Como é que os cães veem o mundo? Este novo estudo dá a resposta

Enquanto os humanos se focam nos objetos, os cães acompanham mais as ações. E foi a ver filmes que as diferenças surgiram.
Objecto ou acção? Eis a questão.

O estudo, dirigido pela Universidade de Emory, em Atlanta, nos EUA, teve por base exames feitos em ressonâncias magnéticas. Os testes passavam pelo visionamento de filmes, exibidos tanto a cães como a humanos, com o objectivo de comparar as formas como cada espécie observa o mundo — e, no caso dos primeiros, procurar perceber melhor como veem, realmente, esse mundo que os rodeia.

A investigação incidiu sobre dois cães, Daisy e Bhubo, que viram filmes de 30 minutos, filmados especificamente sobre conteúdos direcionados a canídeos, a saber: cães a correr, cães a serem passeados à trela, humanos a interagir com cães, humanos a interagir entre si, carros a passar, veados a atravessar a estrada, ou gatos a andar por casa. O mesmo procedimento foi realizado com dois humanos.

Cada cão viu três filmes, num total de 90 minutos.

“Apesar de o nosso trabalho ter sido baseado em apenas dois cães, não deixa de dar provas de que estes métodos funcionam nos cães”, defende o neurocientista Erin Phillips. “Espero que este estudo ajude a trilhar caminho para outros investigadores a aplicarem estes métodos em cães, assim como noutras espécies, de maneira a que possamos recolher mais dados e ter maiores perspectivas de como funcionam as mentes de diferentes animais”, acrescenta o médico pertencente à Universidade de Preston.

No vídeo segmentaram-se dados por carimbos temporais, para sinalizar classificadores desde objectos (tais como cães, humanos, veículos, ou outros animais) ou ações (farejar, passear, saltar, comer, brincar…).
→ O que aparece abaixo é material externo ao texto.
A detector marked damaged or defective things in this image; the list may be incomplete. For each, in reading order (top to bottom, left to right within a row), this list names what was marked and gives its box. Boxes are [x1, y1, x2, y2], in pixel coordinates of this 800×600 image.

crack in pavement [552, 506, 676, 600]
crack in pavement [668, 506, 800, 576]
A atividade cerebral dos dois cães e as respectivas informações traduzidas foram inseridas numa rede neural designada Ivis, criada para mapear a actividade cerebral desses classificadores.

A rede Ivis foi capaz de mapear os dados do cérebro humano para os classificadores com 99% de precisão, quer ao nível dos objectos, quer das acções. Já em relação aos cães os classificadores de objetos foram praticamente inócuos, mas perante as acções, foi registada uma precisão entre 75 e 88 por cento.
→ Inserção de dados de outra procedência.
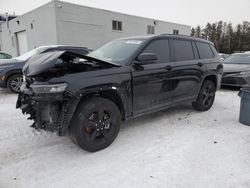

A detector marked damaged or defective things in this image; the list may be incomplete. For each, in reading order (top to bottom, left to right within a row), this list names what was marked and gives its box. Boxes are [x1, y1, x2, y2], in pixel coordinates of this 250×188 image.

crumpled hood [23, 50, 121, 76]
front bumper damage [16, 84, 79, 136]
damaged front end [16, 50, 119, 135]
Ambos sujeitos ao mesmo teste, as diferenças foram notórias.

“Nós, humanos, somos bastante orientados para o objetos”, explica Gregory Burns, um dos principais investigadores. “Existem 10 vezes mais substantivos do que verbos na língua inglesa, porque nós temos uma obsessão particular em designar objetos. Os cães aparentam dar menos atenção a quem ou ao que estão a ver e mais à ação em si própria“, argumenta o cientista. Isso explica, também, as já conhecidas características relativas à visão dos cães: o que observam é um misto de vultos e sombras, mas são consideravelmente mais sensíveis ao movimento do que os humanos.
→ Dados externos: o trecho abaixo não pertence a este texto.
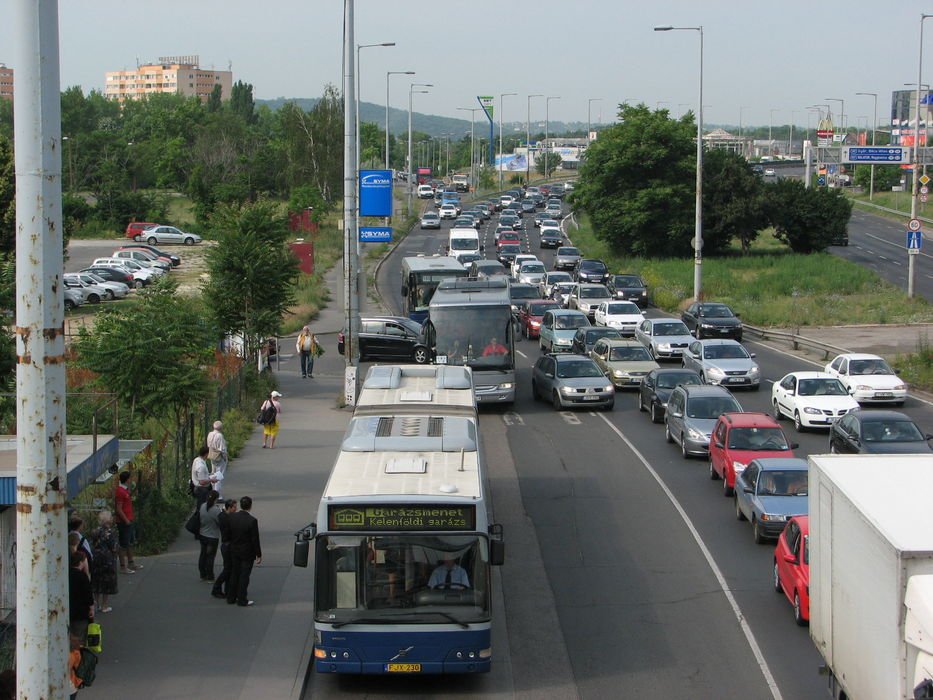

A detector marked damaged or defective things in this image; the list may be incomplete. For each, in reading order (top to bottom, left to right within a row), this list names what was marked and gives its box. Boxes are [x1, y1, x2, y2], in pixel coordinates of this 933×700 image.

Agora, se quem nasceu primeiro foi o ovo ou a galinha — neste caso, o apuro do olfato pela limitação da visão ou o contrário —, ainda não é certo. O que é, de facto, certo é que o nariz é um complemento essencial na visão dos cães. E essa visão, de acordo com as conclusões deste estudo, guia-se pelos movimentos, mais do que pelas silhuetas. Não admira que os cães reajam sempre que atiramos uma bola — mesmo quando ela não sai das nossas mãos.